Ali Rabeh, protections rapprochées

Le maire de Trappes, menacé de mort depuis la polémique autour de sa ville, défend ses concitoyens sous le regard inquiet de ses parents.

Mardi 23 Février 2021

L’heure du déjeuner à la mairie, au bout d’un long couloir, une collaboratrice note les envies des uns et des autres sur un petit papier. Le maire passe également commande. Dans une salle à côté, autre ambiance, il y a deux policiers armés. Ali Rabeh, le bourgmestre trappiste, est menacé de mort. Il est désormais sous protection policière. Le parquet de Versailles a ouvert une enquête après un signalement sur la plateforme Pharos. L’édile fait les présentations avec ses anges gardiens. Il lâche des blagues. Ils se marrent en retour. On ne le découvre pas. Le trentenaire rôde en politique depuis des années dans l’ombre de Benoît Hamon. Il a pris la lumière cet été en raflant la commune des Yvelines. L’ancien socialiste ne s’attendait pas à la tempête survenue quelques mois plus tard. Un professeur de philosophie, Didier Lemaire, fait le tour des ondes pour dénoncer une ville perdue pour la république et sous influence islamiste. Il n’a pas oublié d’épingler le maire dans le camp des complices. La machine médiatique se met en route. Ali Rabeh, trente six ans, vit un étrange quart d’heure warholien.

Dans son bureau, le supporteur du Paris-Saint-Germain (PSG) retire sa veste, il s’installe sur un petit canapé et il revient sur les jours qui viennent de s’écouler. « Les habitants me connaissent, ils savent que je suis un vrai laïc, bien plus que ceux qui squattent les plateaux de télévision, et personne n’est venu à mon secours. Heureusement que le préfet a pris la parole pour rétablir la vérité », dit-il les jambes croisées.

Ali Rabeh ne met pas sous le tapis une autre réalité, le départ en Syrie et en Irak de soixante sept habitants, la violence entre les quartiers et les trafics. La colère monte d’un cran, « depuis mon élection, je travaille avec tous les services de l'état pour réparer notre ville, ce n’est pas rien, c’est de la broderie et il a suffi de quelques secondes pour tout envoyer en l’air ».

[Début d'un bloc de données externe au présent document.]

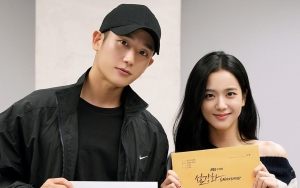 Jisoo BLACKPINK Romantis Rapikan Baju Jung Hae In di Lokasi 'Snowdrop'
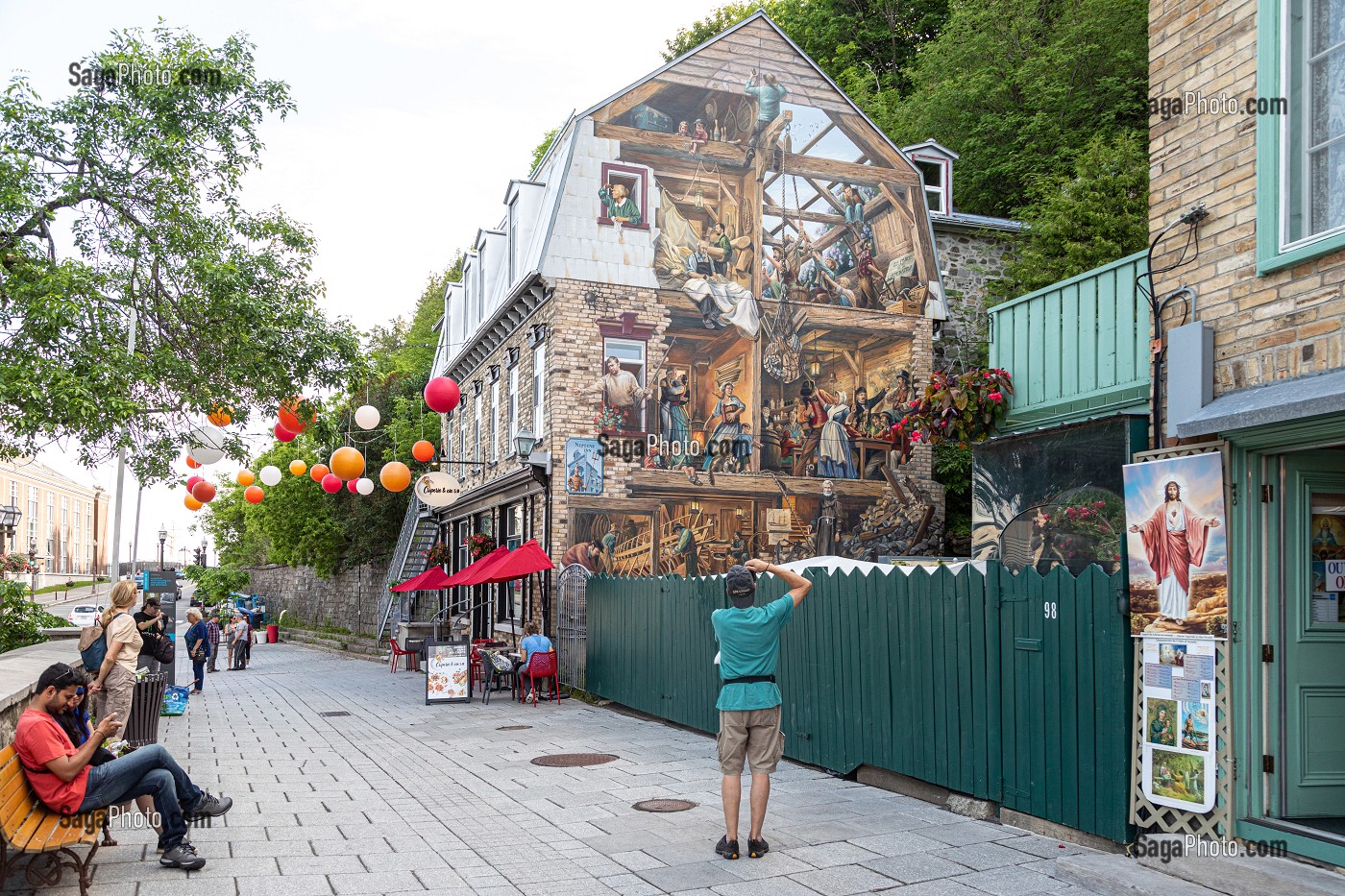 LA FRESQUE HISTORIQUE DU QUARTIER, RUE DU PETIT CHAMPLAIN, QUARTIER ANIME ET COMMERCANT, QUEBEC, CANADA 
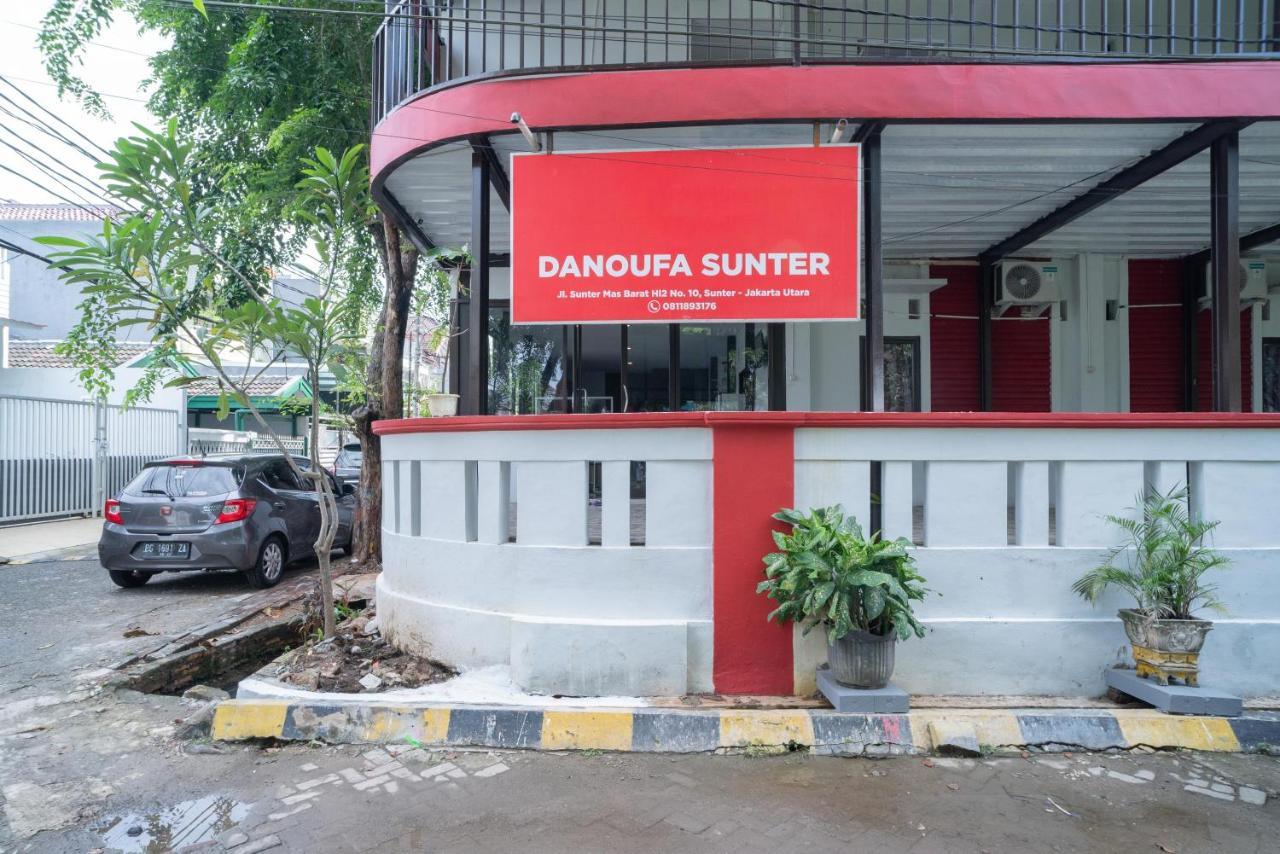 Reddoorz Plus Near Itc Cempaka Mas 2 Jakarta Exteriér fotografie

Les coups ont dépassé sa personne. Il s’enfonce dans le canapé et il baisse un peu la tête. Il a essayé de mentir à ses parents et à ses cinq frères sur la réalité de la menace. Ce n'est pas évident quand sa trombine devient le fond d’écran des chaînes d’information. Chez les Rabeh, les mots d’amour sont aussi rares qu’une canicule à Brest. Les vannes font office de signe d’affection. L’éleveur de poules, son côté bobo, a grandi à Poissy, autre commune des Yvelines. Ses parents vivent toujours dans le même appartement. Un bout de la famille s’est retrouvé un dimanche en pleine tempête. La voix change et elle faiblit, « ma mère est restée silencieuse et elle n’a rien mangé. Elle s’est installée à côté de moi sans un mot. Elle était à mon chevet comme lorsque j’étais petit et que je souffrais de la grippe. Cela m’a fait mal et, lorsque mes frères ont vu la voiture de police devant, ils sont devenus tout pâles ».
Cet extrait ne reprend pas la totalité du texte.